◆ ACTIVITY ◆
From start to finish, set down the entries below exactly, leaving out the pictures.

Scraped caption text data:
◆ ◆ ◆ ◆ ◆

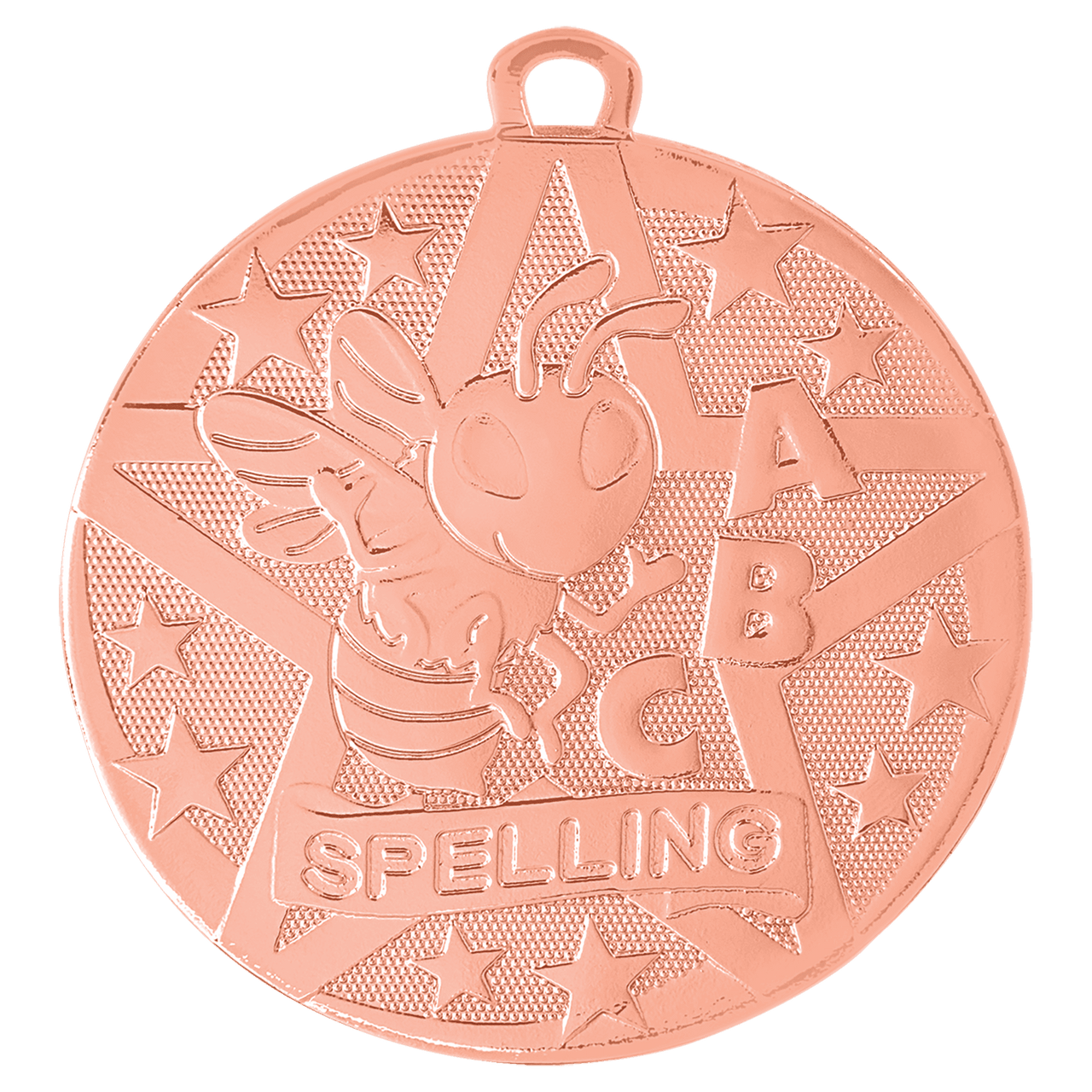 2" Gold Superstar Spelling Medal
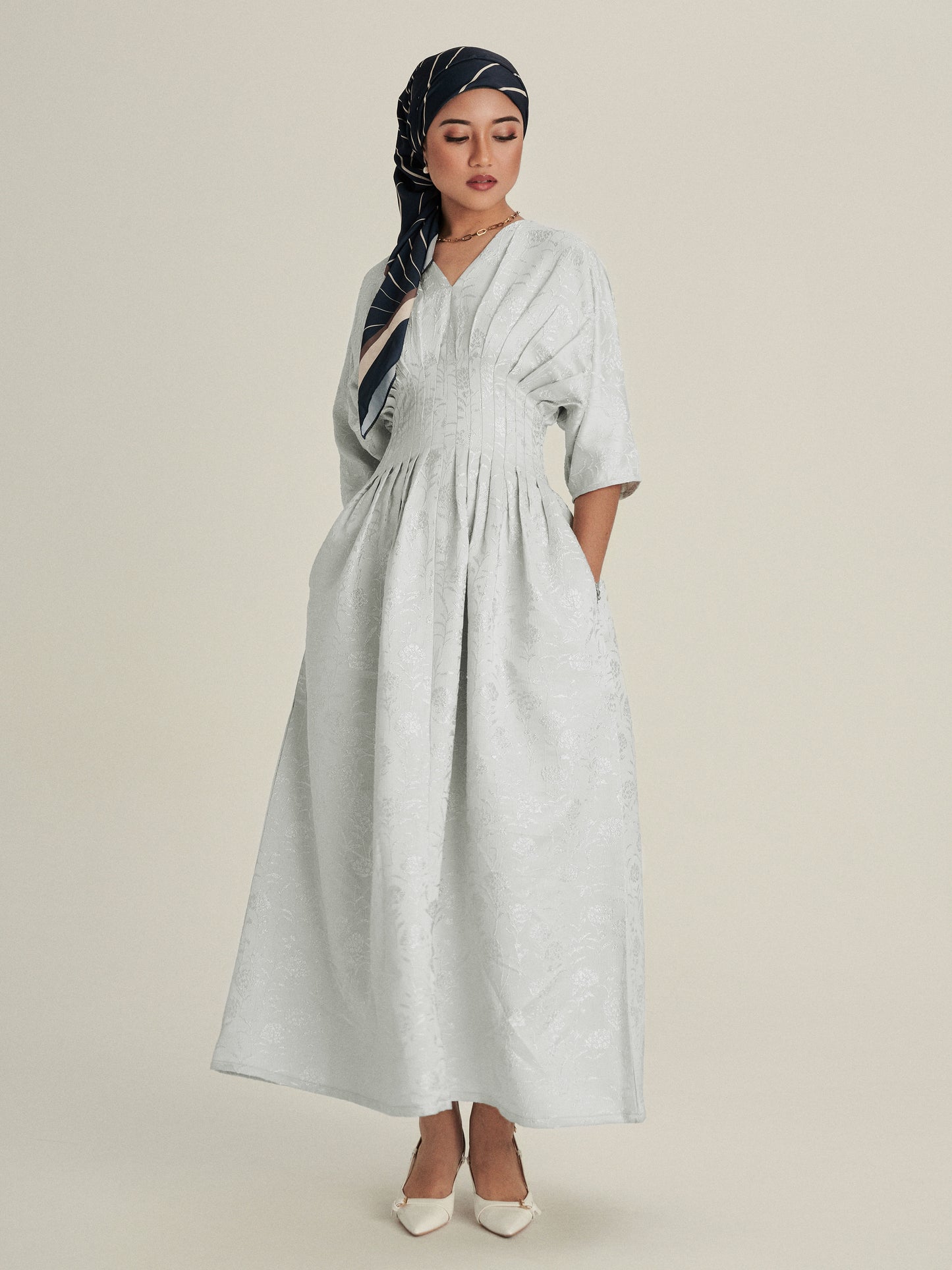 Verona Jacquard Dress in Sage Mint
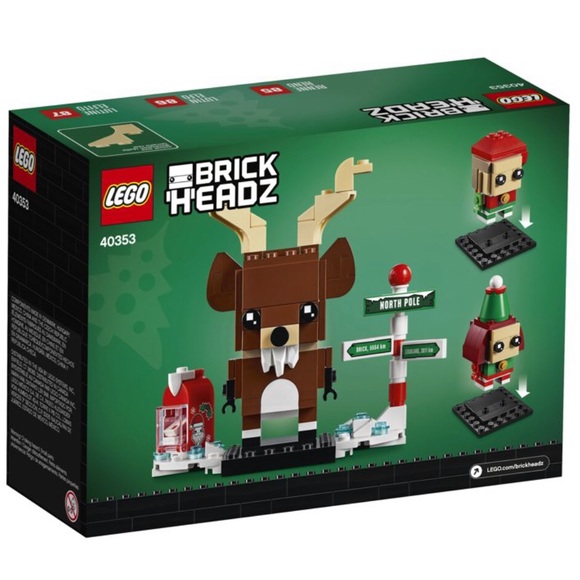 LEGO Brickheadz Reindeer, Elf and Elfie 40353 Building Toy (281 Pieces) - New - Picture 4 of 5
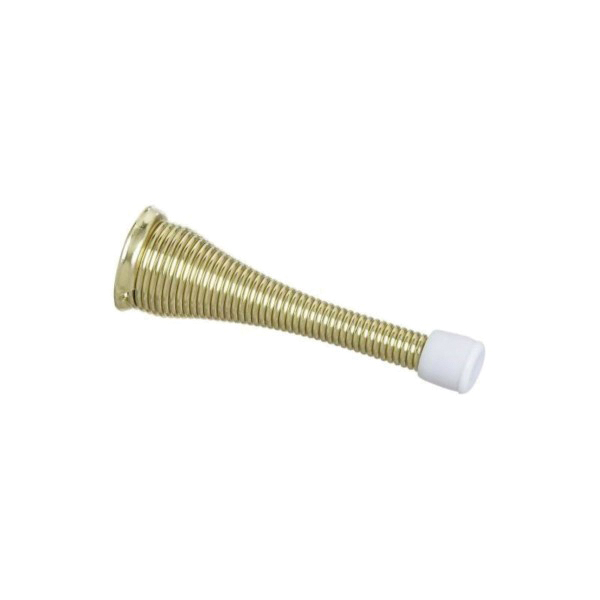 N184-291 Door Stop, 3-43/64 in L, 3 in Projection, Rubber/Steel, Brass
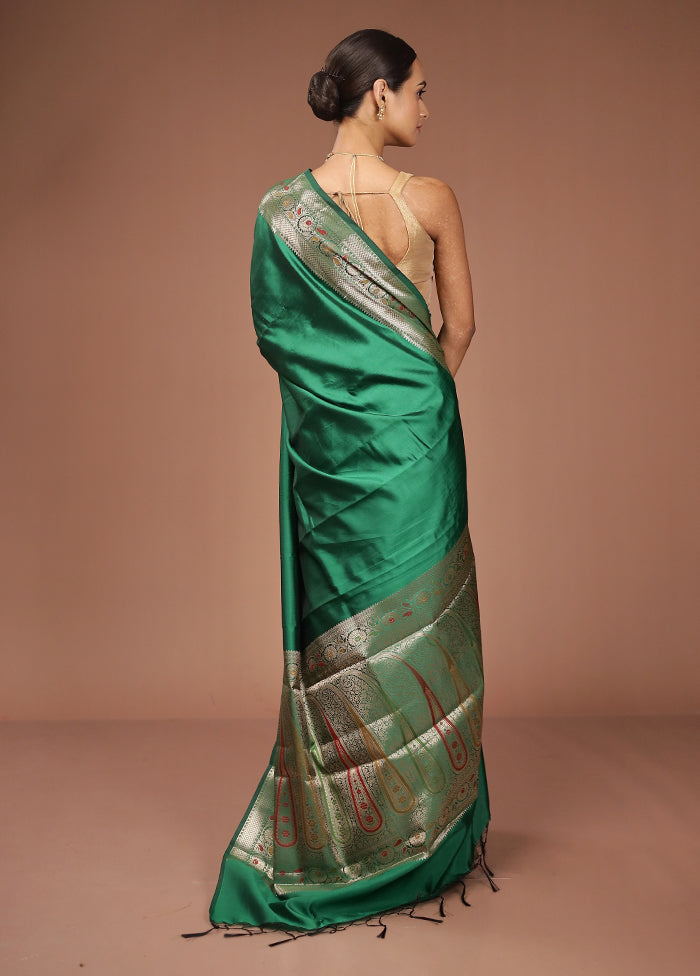 Green Dupion Silk Saree With Blouse Piece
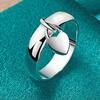 Women Ring Heart Shape Lock Polished Electroplated Alloy Geometric Pendant Colorfast Stainless Lady Anniversary Gift Wedding Ring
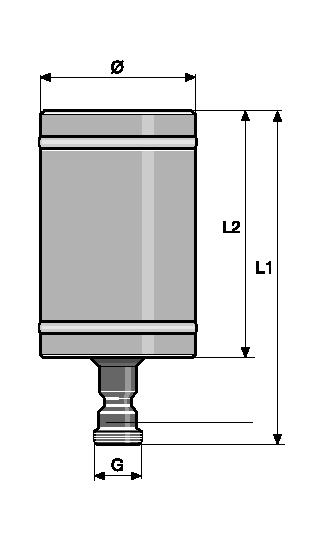 1.5 Hydraulic/Mechanical Accessories PP pressure accumulator 1 Volume Connection Ø L1 L2 Order no.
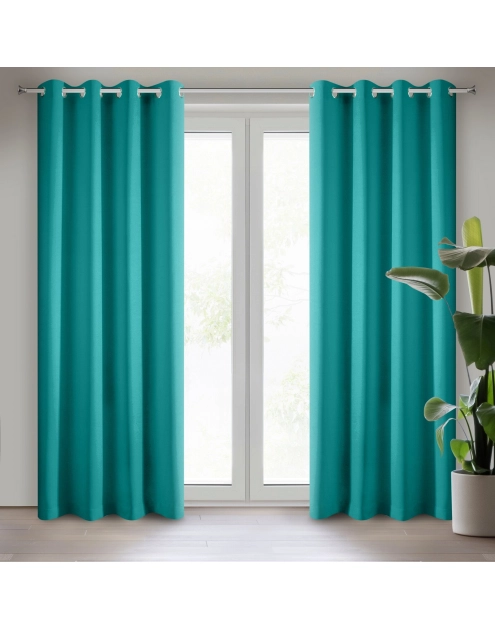 Zdjęcie: Zasłona gotowa Rita 140x250 cm turkusowy EUROFIRANY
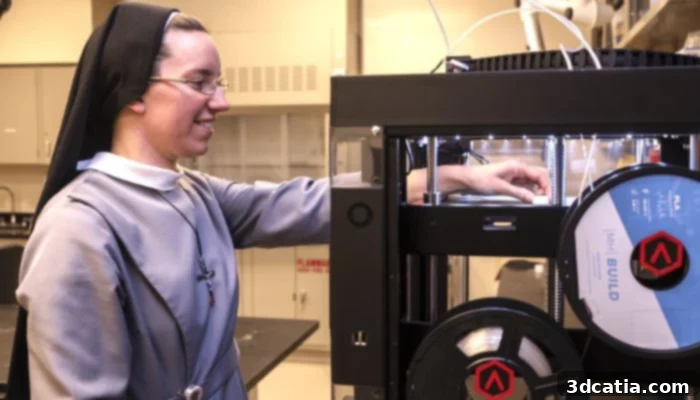 Sister Pieta from OSF Healthcare demonstrating 3D printing for medical applications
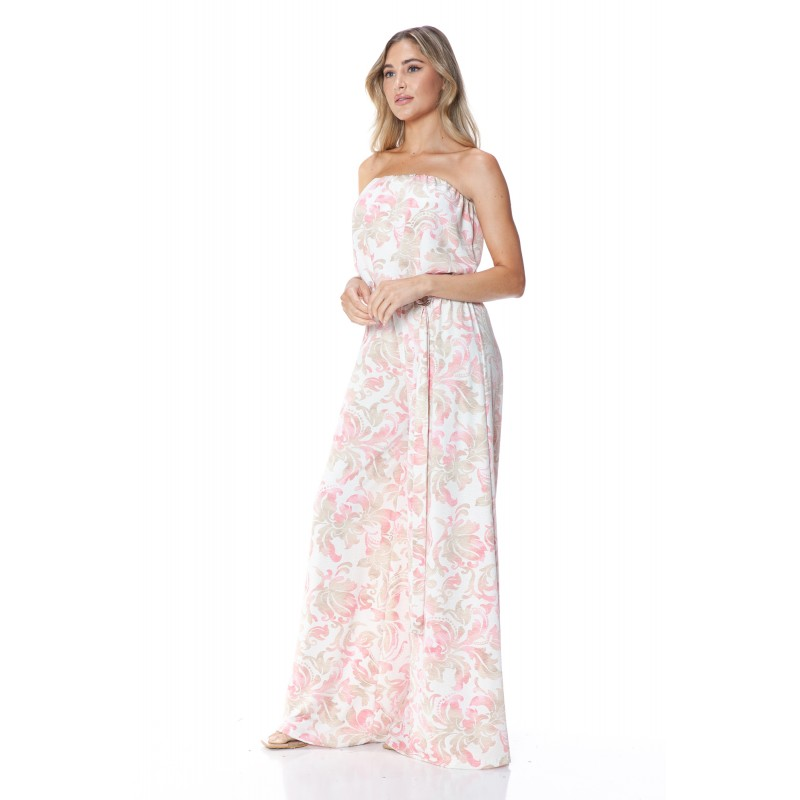 Ariella Strapless Ivory and Pink Print Jumpsuit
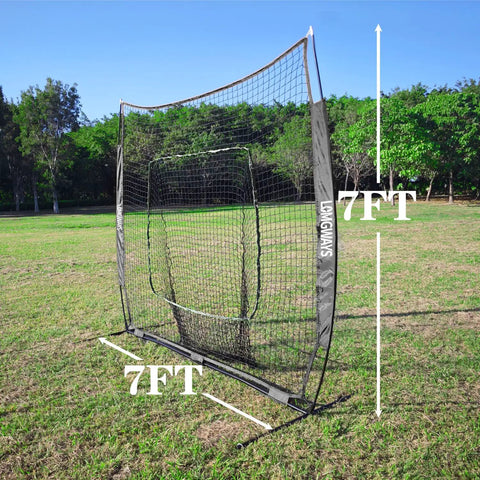 7x7 Baseball Practice Net With Steel Frame For Batting Hitting And Pitching Portable Softball Net For Training Carrying Bag Easy Setup Big Mouth Catch Area To Save Time Chasing Balls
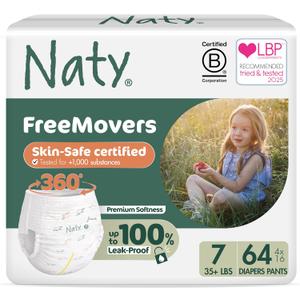 Naty FreeMovers Pull Up Training Pants for Sensitive Skin | Hypoallergenic Potty Training Underwear | Absorbent & Leak-Proof for Toddler | Soft, Unscented | Size 7, 5T6T (35+ lbs), 64 Count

◆ ◆ ◆ ◆ ◆

◆ COMPLETED EXERCISE ◆
 2" Gold Superstar Spelling Medal
 Verona Jacquard Dress in Sage Mint
 LEGO Brickheadz Reindeer, Elf and Elfie 40353 Building Toy (281 Pieces) - New - Picture 4 of 5
 N184-291 Door Stop, 3-43/64 in L, 3 in Projection, Rubber/Steel, Brass
 Green Dupion Silk Saree With Blouse Piece
 Women Ring Heart Shape Lock Polished Electroplated Alloy Geometric Pendant Colorfast Stainless Lady Anniversary Gift Wedding Ring
 1.5 Hydraulic/Mechanical Accessories PP pressure accumulator 1 Volume Connection Ø L1 L2 Order no.
 Zdjęcie: Zasłona gotowa Rita 140x250 cm turkusowy EUROFIRANY
 Sister Pieta from OSF Healthcare demonstrating 3D printing for medical applications
 Ariella Strapless Ivory and Pink Print Jumpsuit
 7x7 Baseball Practice Net With Steel Frame For Batting Hitting And Pitching Portable Softball Net For Training Carrying Bag Easy Setup Big Mouth Catch Area To Save Time Chasing Balls
 Naty FreeMovers Pull Up Training Pants for Sensitive Skin | Hypoallergenic Potty Training Underwear | Absorbent & Leak-Proof for Toddler | Soft, Unscented | Size 7, 5T6T (35+ lbs), 64 Count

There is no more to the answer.